Kalunamoo is almost ready to splash in Trinidad for another season. We came back on board in mid-September shortly after our Mississippi River cruise. The weather was turning cooler in New York, but the hot and humid tropical weather in Trinidad lived up to its reputation. We have started our acclimation to the climate here (with the help of onboard a/c!), and so it feels like the start of another summer again.

Interior varnishing, a new anchor chain, new hatch gaskets, new on-deck cushions, and other minor items will be completed before we splash and spend two weeks “vacationing” at Crews Inn. By early November we should be heading north to Antigua. That is where we will fly back to New York for about 2 weeks for Christmas. But that is a ways off, so for now we will be back to our liveaboard cruising lifestyle.

The boat yards here are very busy this year, especially after Hurricane Beryl chased many boats down to Trinidad to escape the storm. That was a good choice as Beryl caused major damage in Carriacou and the Grenadines. The other thing we noticed is that each year the cruising community looks a little different. After eleven years, many cruisers we met earlier have either sailed away, lost their boat, sold their boat, gave up sailing or died. Of course, they have been replaced with many new cruisers but many with a different vibe than those they replaced.
This brought back memories of my days in Maritime College in the late 1960’s. This SUNY college trained future Merchant Marine Officers of which I was one. In my first year (as a mug) there was an old Norwegian sailor, I’m sure he had his masters license, as one of our nautical instructors. Capt’n Olson was his name, but everyone knew him as “Petey”. He was short and stout, but not to be tangled with. From what I understood he received his training on sailing ships.

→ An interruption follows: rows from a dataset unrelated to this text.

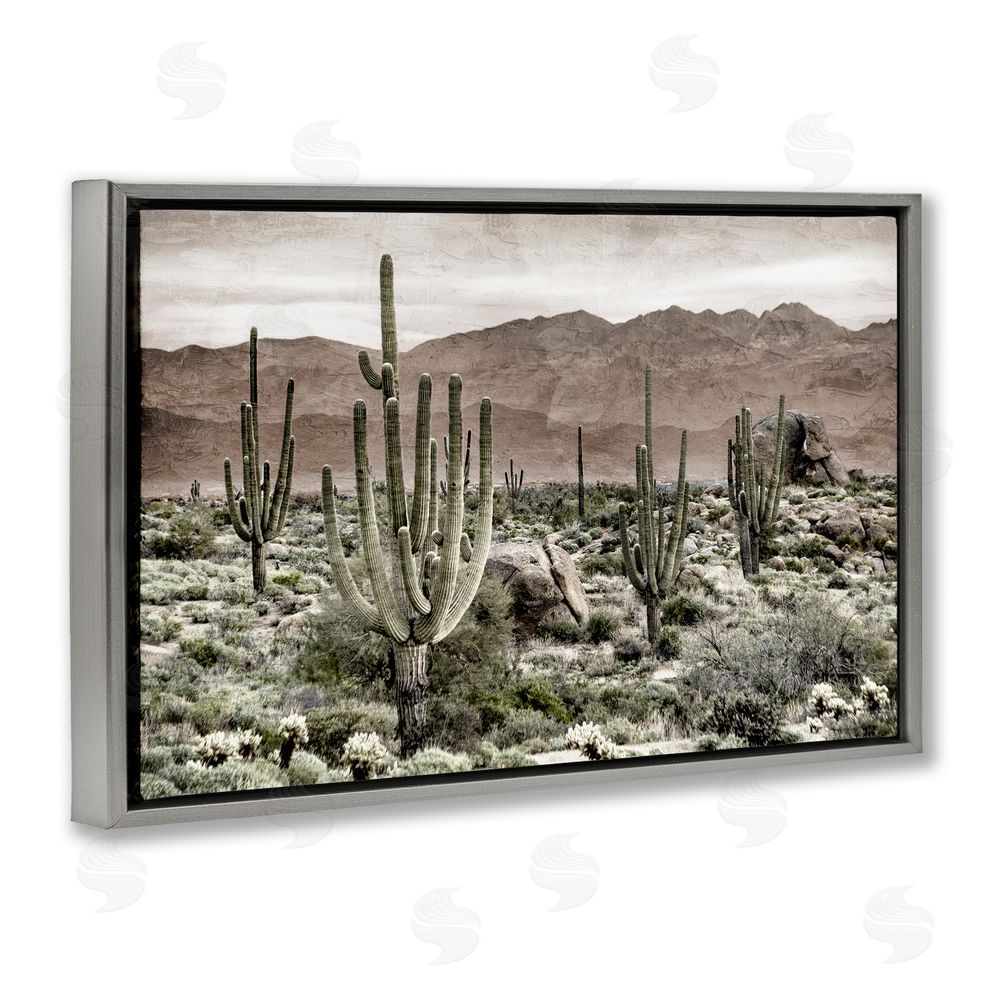 Kim Allen Desert Land Cacti Wilderness Gray Floating Frame Canvas Wall Art Print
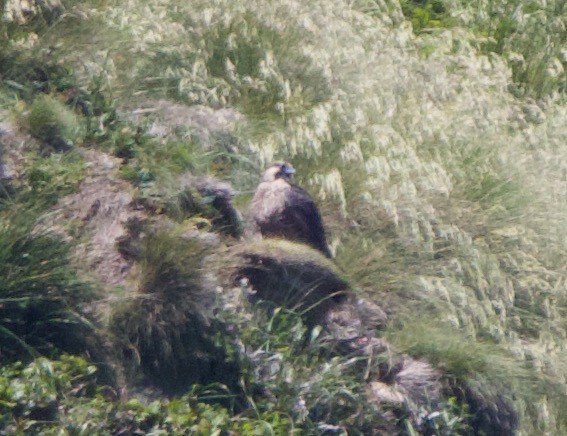 Peregrine Falcon (Peale's) - ML621358417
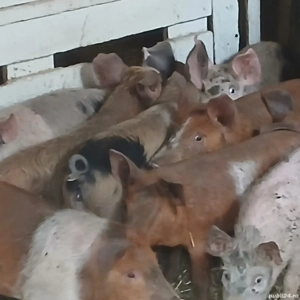 purcei 250-280 lei bucata  - imagine 9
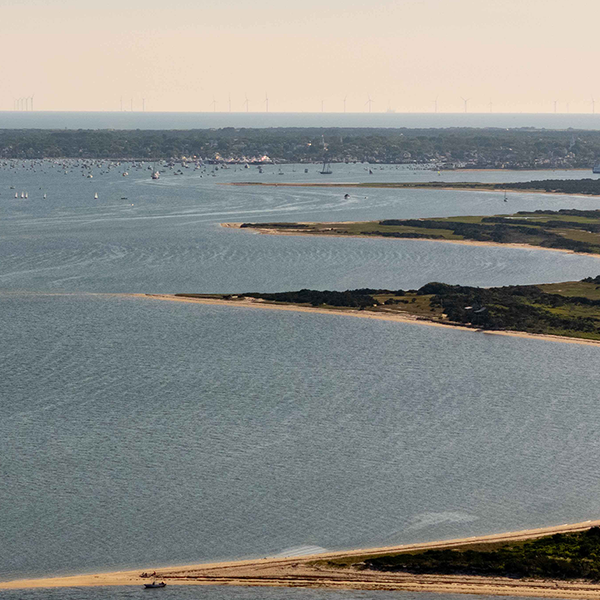 Conservation Commission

He taught us the fine art of seamanship, starting with the salty language that should not be used in mixed company to the fine art of chipping paint on a steel hull. We climbed the metal masts of our training ship (an old WWII troop transport) slopping on white zinc coatings, red lead paint and washing our hands in diesel oil. Hanging over the sides in bosuns chairs or stages, splicing thick hawsers and wire rope, sewing canvas and bolt ropes, making baggywrinkle… all the things a future Merchant Marine Officer will never do. It was an arcane experience more to instill tradition and saltiness than anything else. But it had its affect. In four years, we would be on the bridge directing much older and perhaps more experienced crew members in the routines and maintenance of large ocean-going cargo ships. It was needed for the salty gravitas that the ocean demands.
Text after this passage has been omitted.